Yesterday's attack was just a preview it seems. I can feel the doubts swarming again, coming just short of a full attack before backing up. It's all the same as before. And last time the swarm did attack in full force, after a long period of TUF, I had a full on nervous breakdown. Hence the song lyrics that's also a question; I need to know if I'm heading in that direction.
We're all so quick to say that being kin isn't something special, that's it's just part of our lives the same way that our humanity is. And if that's true for you, congratulations. It isn't for me. I don't always feel it. I don't even really ever feel it, just side effects of it. And the one side effect that's the strongest happens to be a very negative one. It isn't just another aspect of my identity; it's something that goes to the back of my mind for a while, and then comes out every once in a while to ultimately screw me over. And see, thus is where the doubts begin. Why don't I feel it like others do? Why am I able to forget about it for so long? If I really am kin, why do I feel that part of myself so much less than everyone else?
And it does matter to me, more than I usually make it seem. This has been a constant for more than half of my life, and I'm 27. It's caused me so much pain and annoyance and frustration, and I've put so much time and energy into it. If I'm not kin, all of that was for nothing. Maybe you don't think so, but I do.
And if I'm really putting all of my cards on the table, I want to be what I think I am. It's so taboo to say that I want to be kin, or that being kin is cool and makes my life more interesting. It always has been. We say "it's not anything special, it's just who I am." My guess is that we're worried that if we admit to that, people will think we're faking it, or only using the label to be special. But to me, that's a lie. It is something special.
I know nobody here is going to mock me for feeling this way, but I imagine a few of you are at least rolling your eyes. Maybe you even see these feelings as proof that I'm not kin. If so, you're entitled to your opinion, but as far as I'm concerned you're wrong. Or maybe I don't know you guys as well as I think I do, and someone will call me "coping kin" or something like that. To those people I say: you're not bringing up anything I haven't already thought about.

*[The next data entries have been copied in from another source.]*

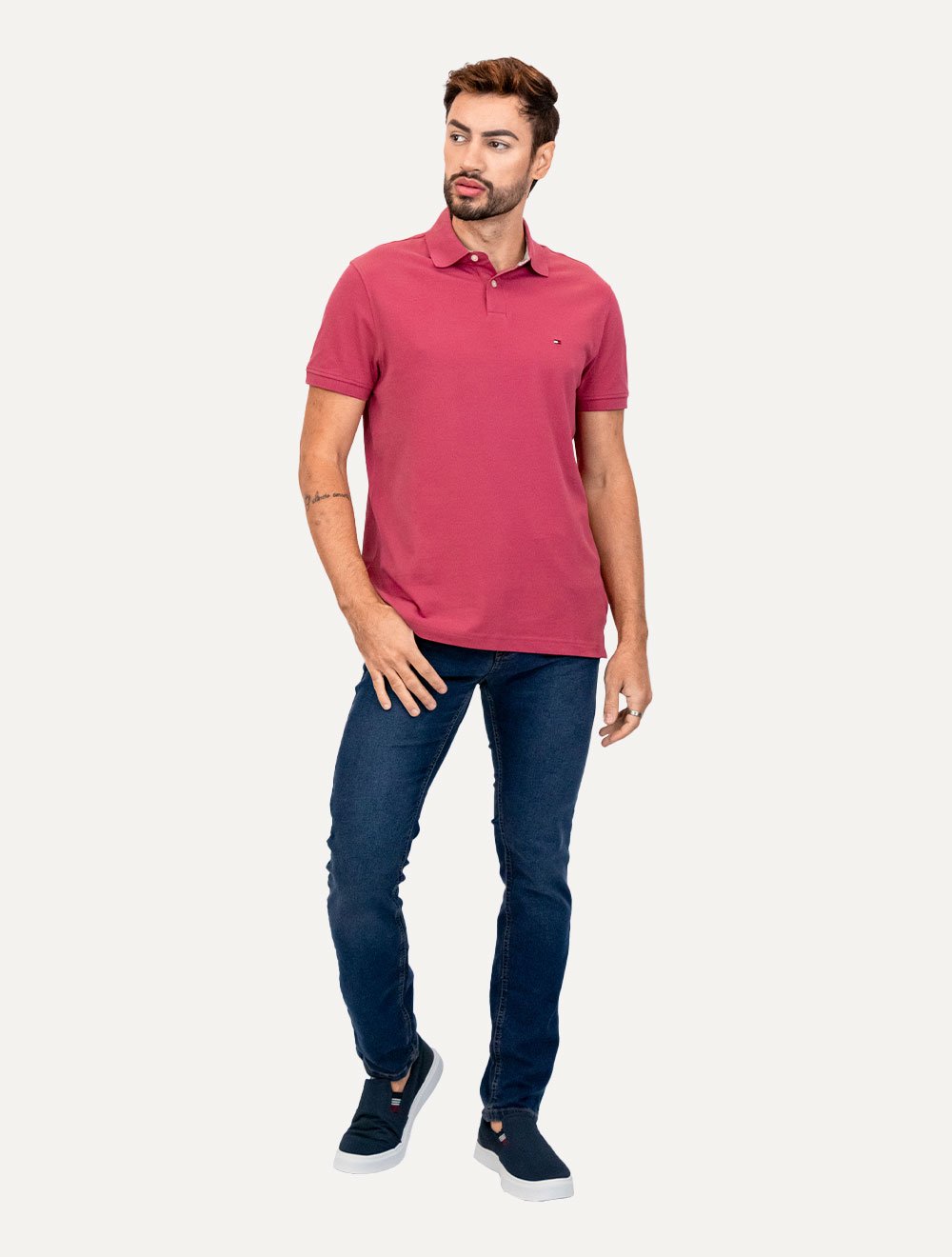 Polo Tommy Hilfiger Masculina Regular Piquet 1985 Rosa Escuro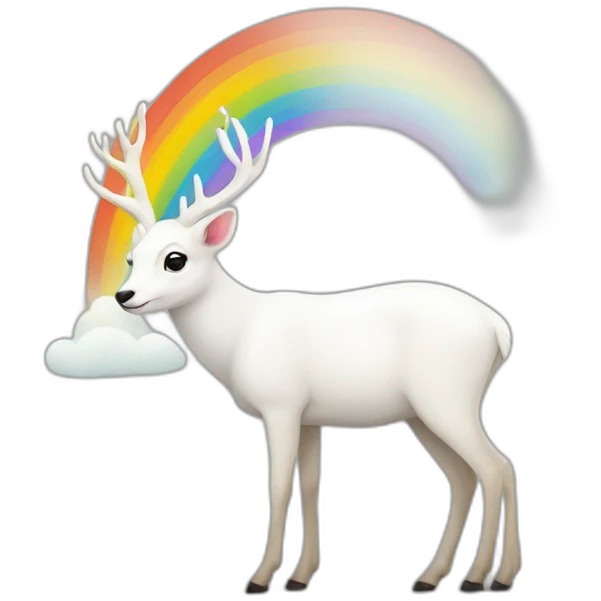 white deer with the rainbow emoji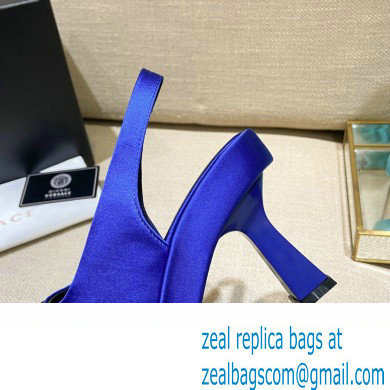 Versace Icon Medusa Medallion Heel Slingback Satin Blue 2022 - Click Image to Close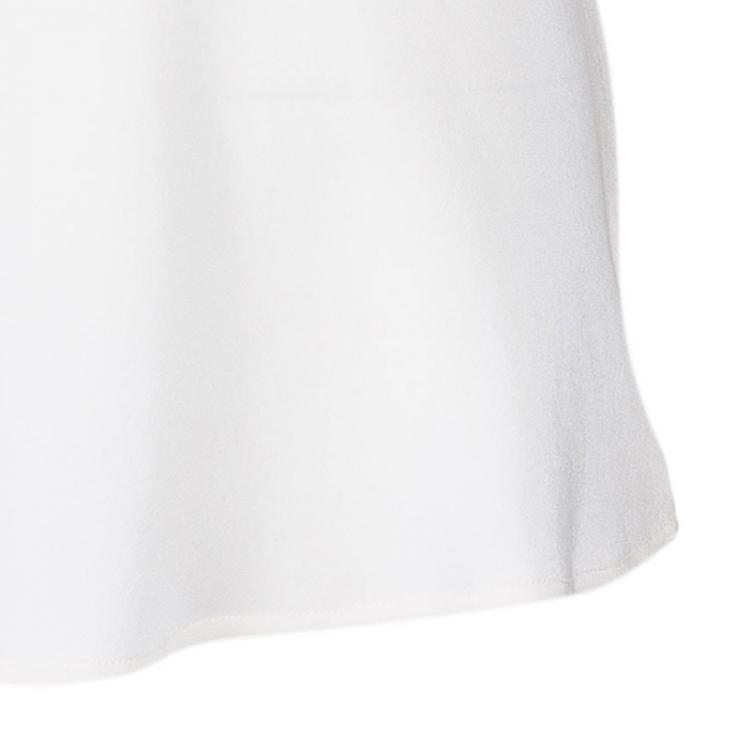Pre Owned Oscar de la Renta Off-white Sleeveless Top M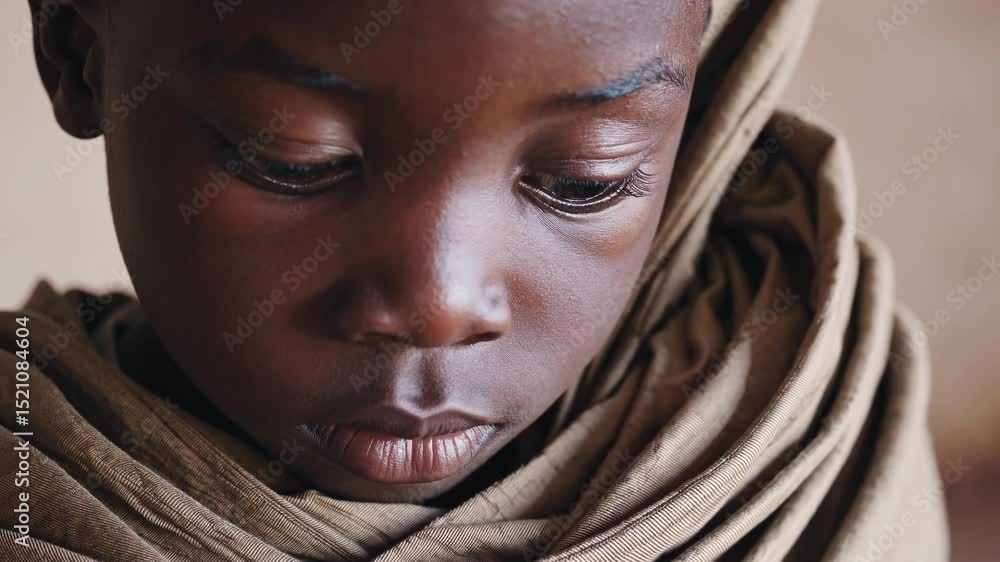 Close up of a thoughtful african child wearing a light brown scarf, looking down with an introspective expression Close up of a thoughtful african child wearing a light brown scarf, looking down with an introspective expression
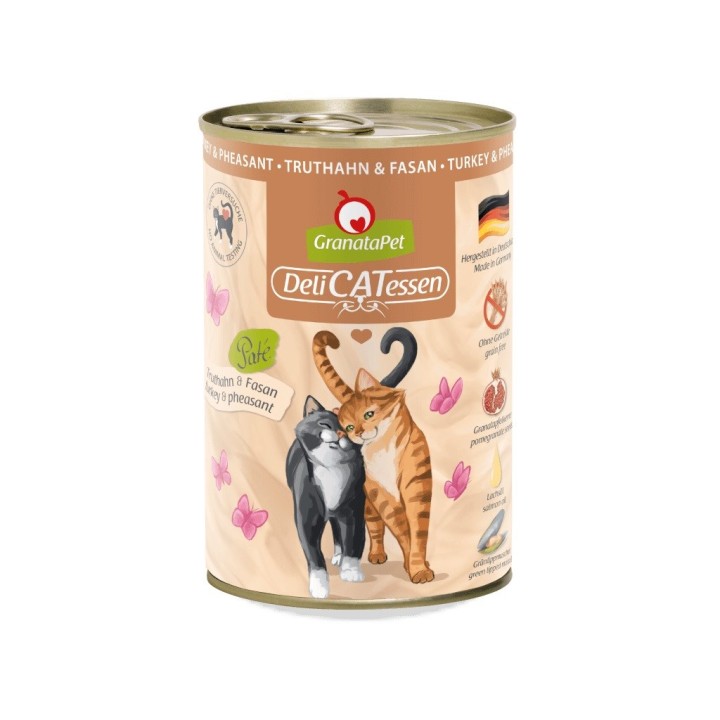 Granatapet DeliCatessen Tacchino & Fagiano – cibo umido per gatti 400 g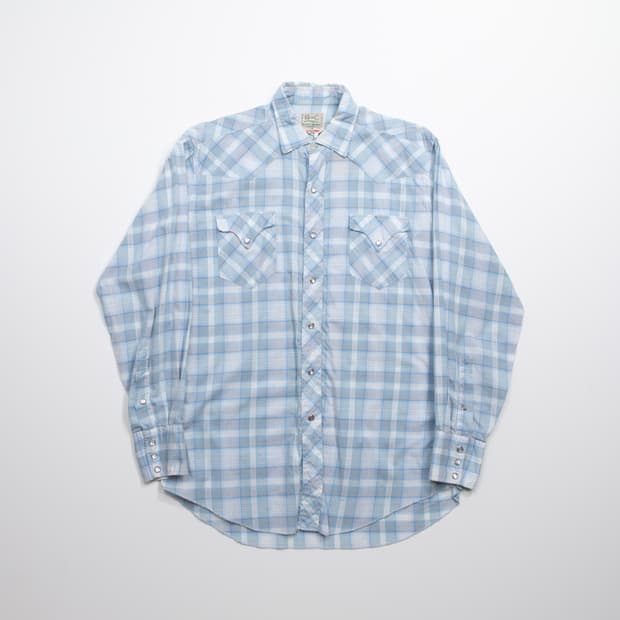 70s H Bar C 랜치웨어 체크 웨스턴 셔츠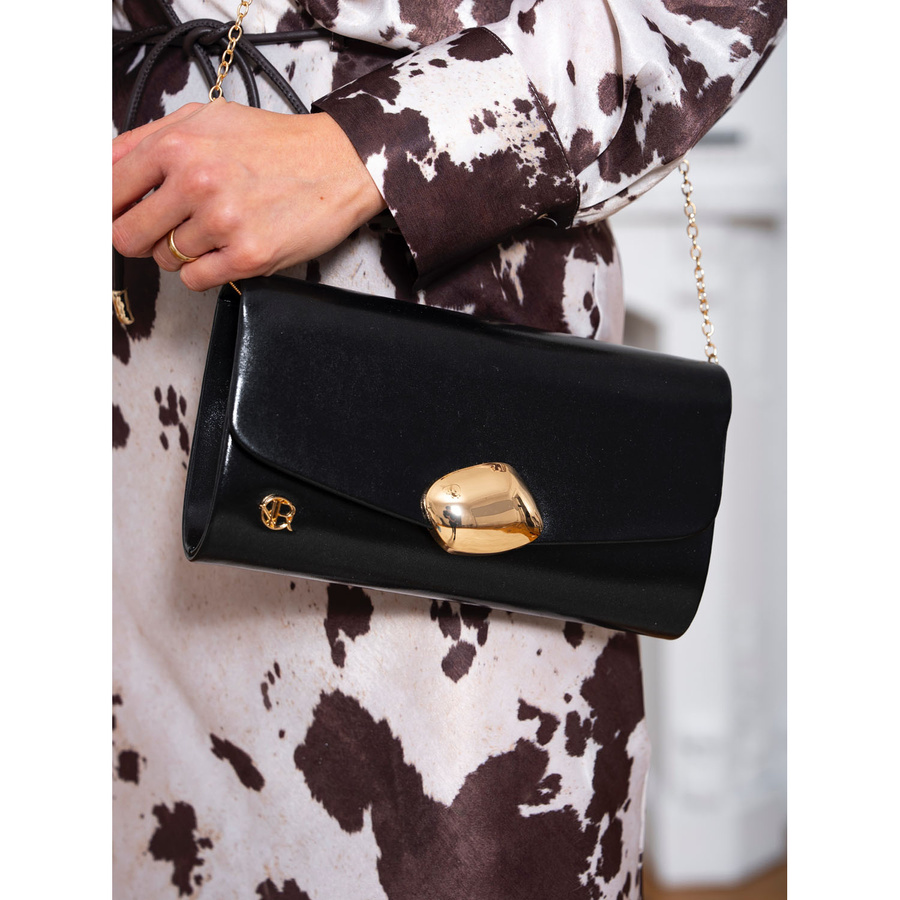 Elegante Damen Clutch aus Öko-Leder in Schwarz – Rovicky – Bild 3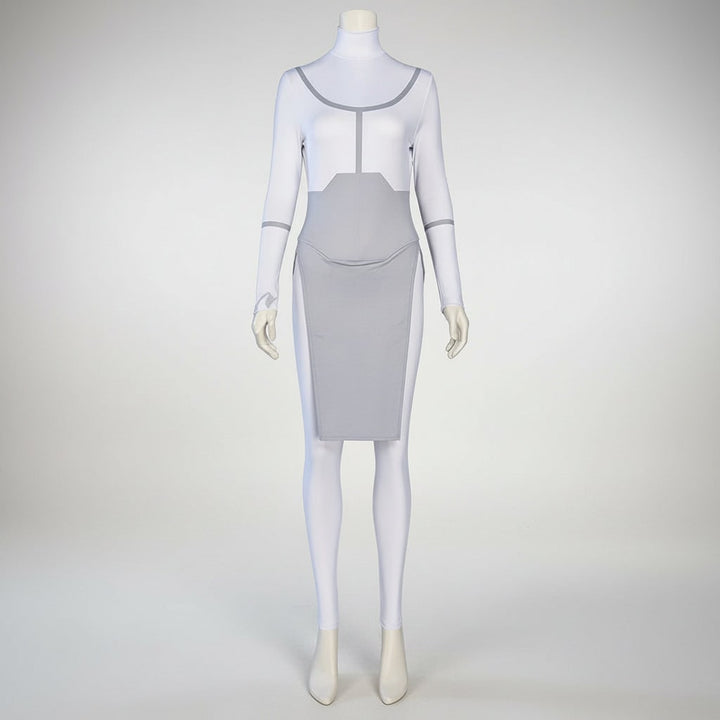 Halloween Cosplay Bodysuit Costume with Mock Turtleneck and Tabard for Anime Outfits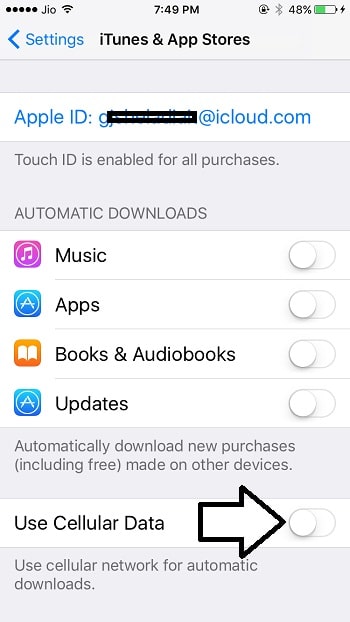 6 Disable or stop cellular data for iTunes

Now you see why this is such a big deal for me. If I find that I'm not kin, I've wasted 15 years of hard work and bad feelings, and lost a major part of my identity. That's why the doubts scare me so much. That's why I hold them at bay for as long as I do. I try to swat them down because I don't want to face this. If I really let myself accept the doubts, even if I don't follow them, this is what I'm risking.
I need help. The swarm hasn't fully attacked yet, but it's getting there. In other words, I haven't decided that I'm not kin, but the possibility is encroaching more and more on my mind. I always say that I know my kin nature is real because it wouldn't affect me so much if it wasn't. That's why I still believe it is. But that's all I have. And if Iet the doubts attack me again, that might not be enough. I don't want to ignore real possibilities, but I also don't want another nervous breakdown. I don't know what to do at all.
Just remember, if nothing else, that this is important. I myself have told people that it doesn't matter if they aren't kin, and for those people that was true. For me, it isn't. Usually people come to that conclusion pretty quickly, not 15 years later. So it's a bit different.